An engineer. An expert in irrigation. The head of Water Resources at the African Development Bank. Awarded the Order of Republic, Second Class, in 1995.

This is exactly the kind of Curriculum Vitae one could easily imagine among the papers on the desk of deposed Egyptian President Hosni Mubarak, if Mubarak had been about to choose a new head for one of his governments.

An engineer. An expert in irrigation. The head of Water Resources at the African Development Bank. Awarded the Order of Republic, Second Class, in 1995.

This is exactly the kind of Curriculum Vitae one could easily imagine among the papers on the desk of deposed Egyptian President Hosni Mubarak, if Mubarak had been about to choose a new head for one of his governments.

The only thing is that Mubarak would not have chosen an irrigation expert for the post of the Prime Minister. This posting was usually reserved for economists, something Mubarak always stuck to until his very last Prime Minister.

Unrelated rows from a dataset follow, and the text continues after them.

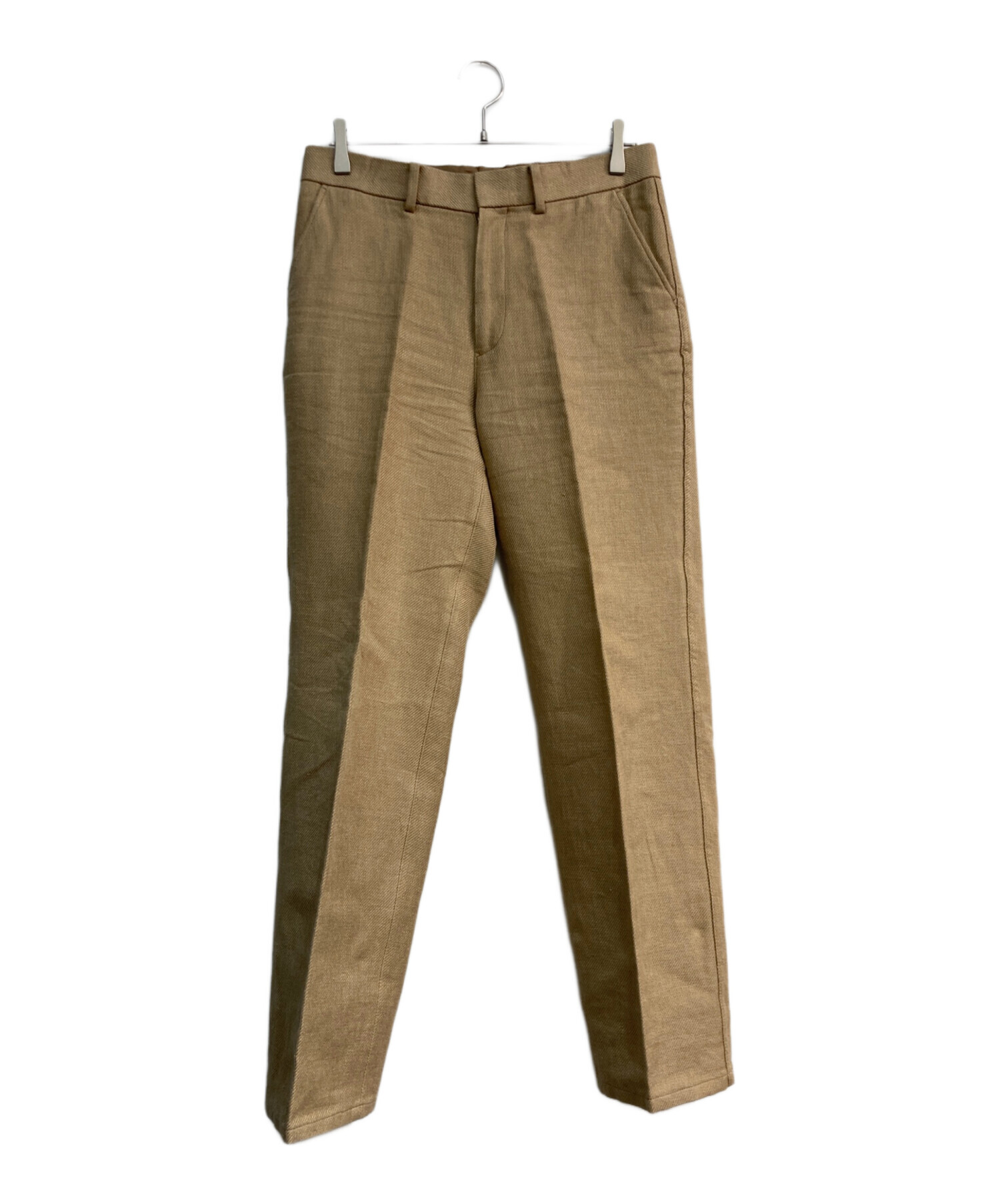オーラリーLINEN COTTON DOUBLE FACE BIG カバーオール DOUBLE FACE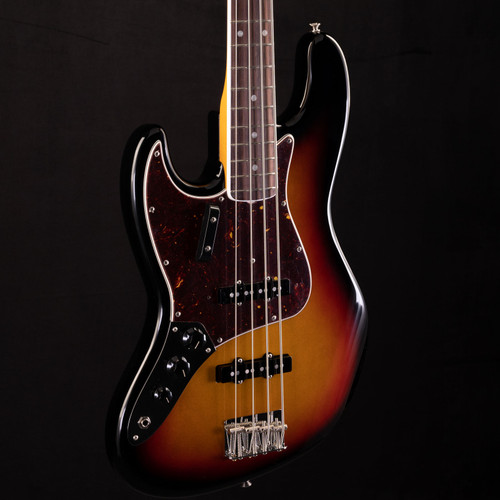 Fender American Vintage II 1966 Jazz Bass Lefty 3-Color Sunburst 092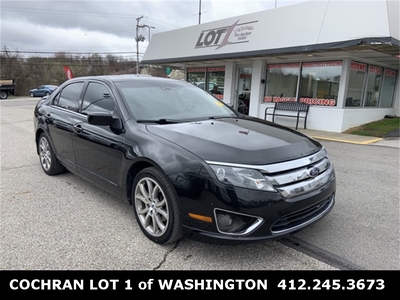 Used 2012 Ford Fusion SEL FWD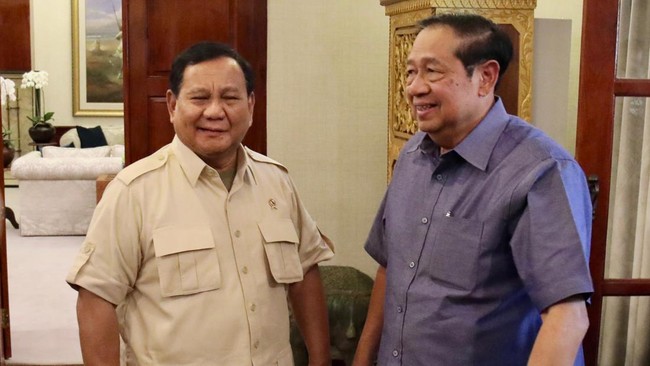 Gerindra mengaku telah mengundang para mantan presiden mulai dari Megawati Soekarnoputri, SBY, hingga Joko Widodo untuk hadiri silaturahmi di Hambalang, Bogor.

Hisham Qandil has almost no characteristics that distinguish him from any other member of Mubarak’s bureaucratic corps. He served as an employee of Mubarak’s governments for a long time and Egyptians have discovered that he was the Minister of Irrigation under the prime ministries of Essam Sharaf and Kamal Ganzouri. This appears to indicate that Qandil has another special Mubarak-era quality: to operate without drawing any attention to himself, or causing any fuss.

Qandil’s serene presence derives from a world of bureaucratic submissiveness. He is unremarkable and indistinguishable from his peers in everything except for his beard. The latter seems to have worked for him anyway.

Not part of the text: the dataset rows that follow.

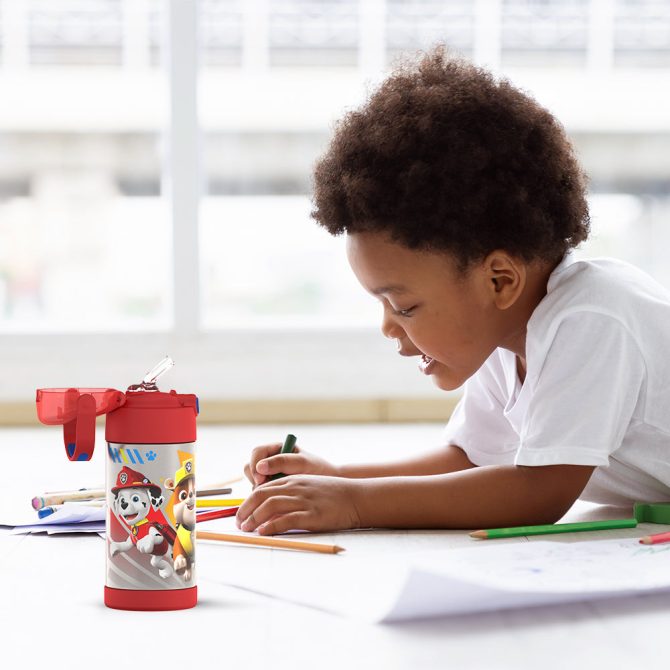 12oz FUNTAINER® WATER BOTTLE PAW PATROL - Image 8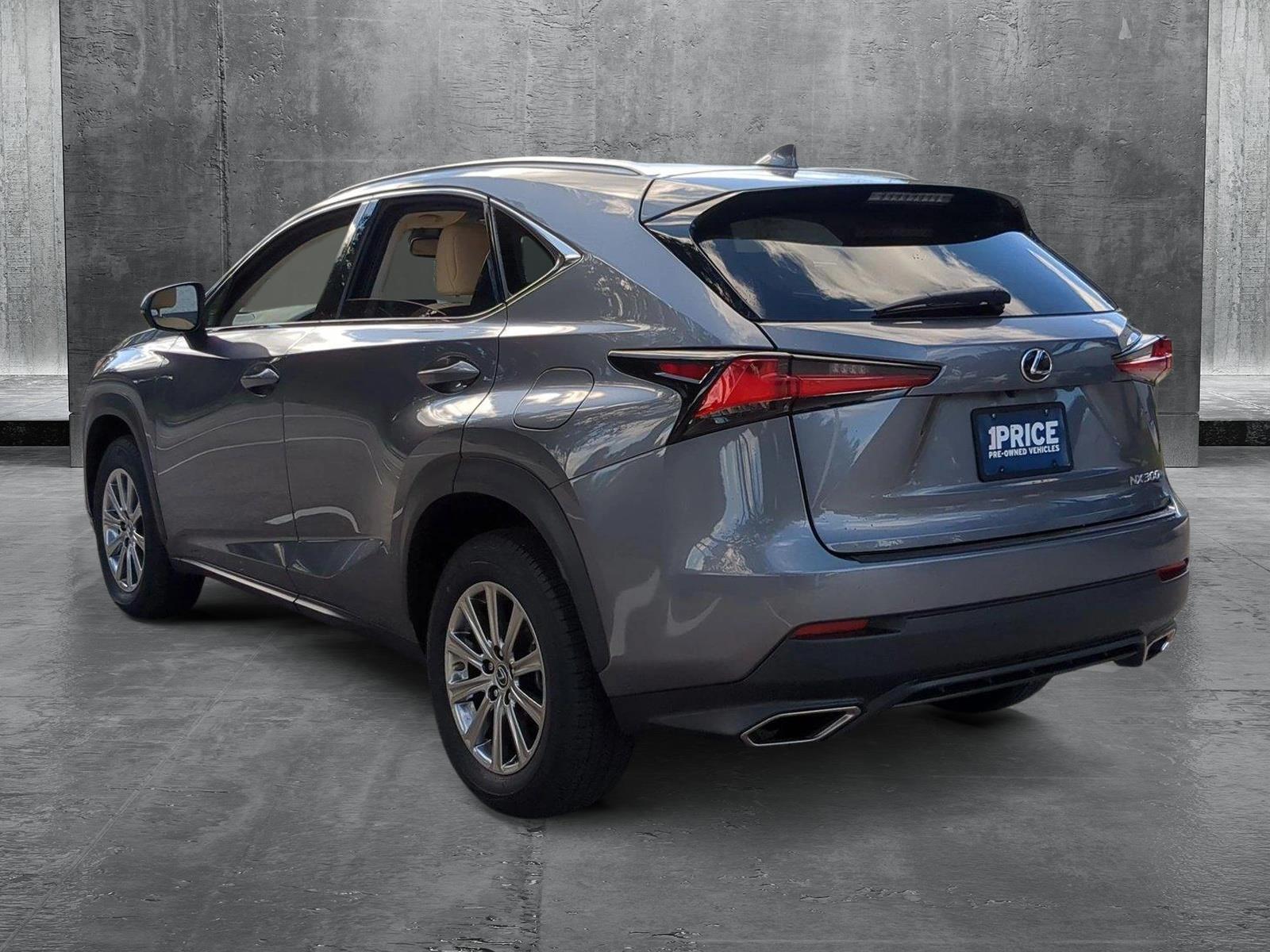 2021 Lexus NX 300 Vehicle Photo in West Palm Beach, FL 33417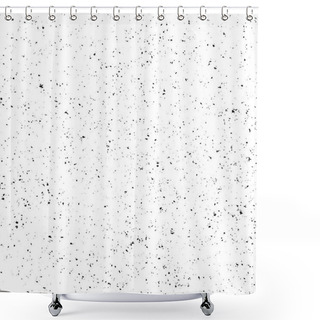 Personality  Dusty Overlay Texture Shower Curtains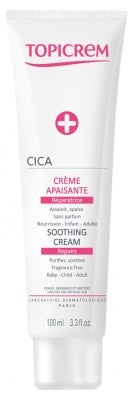 Topicrem Cica Repair Soothing Cream 100Ml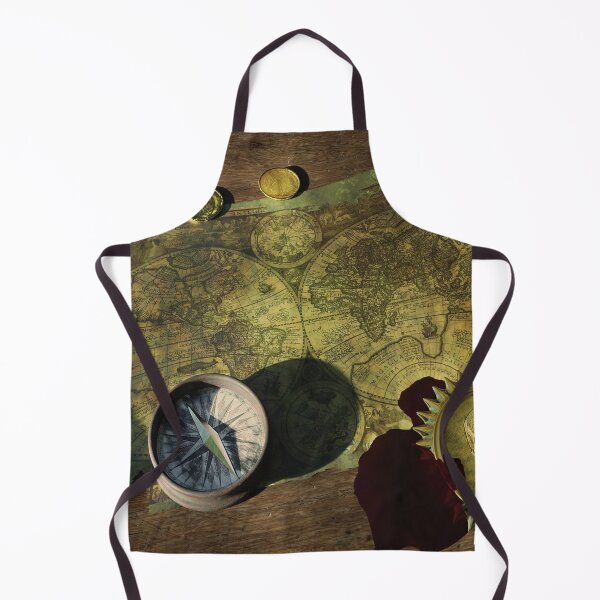 Item preview, Pirate Treasure X Marks the Spot for Gold designed and sold by FuddalanDesigns.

[Editor’s note: In Mubarak’s Egypt a beard was seen as a sign of religiousness and, therefore, of potentially anti-regime attitudes. Some have said that Qandil’s beard helped him get the job.]

When the results of the first round of presidential elections in Egypt were announced, a heavy, depressed silence overshadowed the outcome in many areas. Half of all Egyptians had boycotted the elections and half of those who didn’t boycott the elections had not chosen either Mohammed Mursi or the previous candidate, Ahmed Shafiq.

Then driven by fear, more Egyptians voted in the next round. When the Islamist candidate, Mohammed Mursi, won and the electorate started to get to know him, they started to think that maybe Mubarak, who had always been seen as relatively uncharismatic compared to his predecessors, Anwar Sadat and Abdul Nasser, was actually quite an attractive leader.

Especially when compared to the stuttering head of the Muslim brotherhood who now pledged to choose a new prime Minister from among a group of independent figures of national standing.

Voters spent long days waiting for their prospective prime minister. They occupied themselves by contemplating individuals that all seemed more attractive and competent than their new President himself.

Political speculators wondered about [Nobel peace laureate and former head of the UN’s nuclear watchdog] Mohammed ElBaradei. Those with economic leanings plumped for [former Finance Minister] Hazem el-Beblawi.

But on the morning of July 24, when the highly anticipated name was finally announced, the one thought nearly all Egyptians had was this: “who the hell is Hisham Qandil?”

The equally shocked media soon answered the question for them. When the Egyptian people got to know the CV and the character of their new Prime Minister, it was as if some magic machine had borne a political creature, that was half-Muslim-Brotherhood and half a beast of the previous regime.

This seemed to be confirmed by earlier videos of Qandil, during which he used the wishy-washy and inconsistent speech so typical of bureaucrats during Mubarak’s regime. In one single interview discussing the Nile and water issues, Qandil talked about how there was no water crisis in Egypt and then in the next minute, gave out figures related to a new water poverty in Egypt. 

Qandil’s biography comes complete without any uncomfortable sectarian issues and he also talks about poverty as though it is the responsibility of the individual who doesn’t work hard enough, or clean his or her own street.

To that sort of rhetoric, Mursi and his new Prime Minister add just a sight tinge of religious faith. They decorate the lot with a beard and some further speeches about how the country doesn’t need any more political conflict; rather it needs competent leaders – or in a nutshell, “technocrats”.

Which is exactly what Mubarak had been espousing for over 30 years.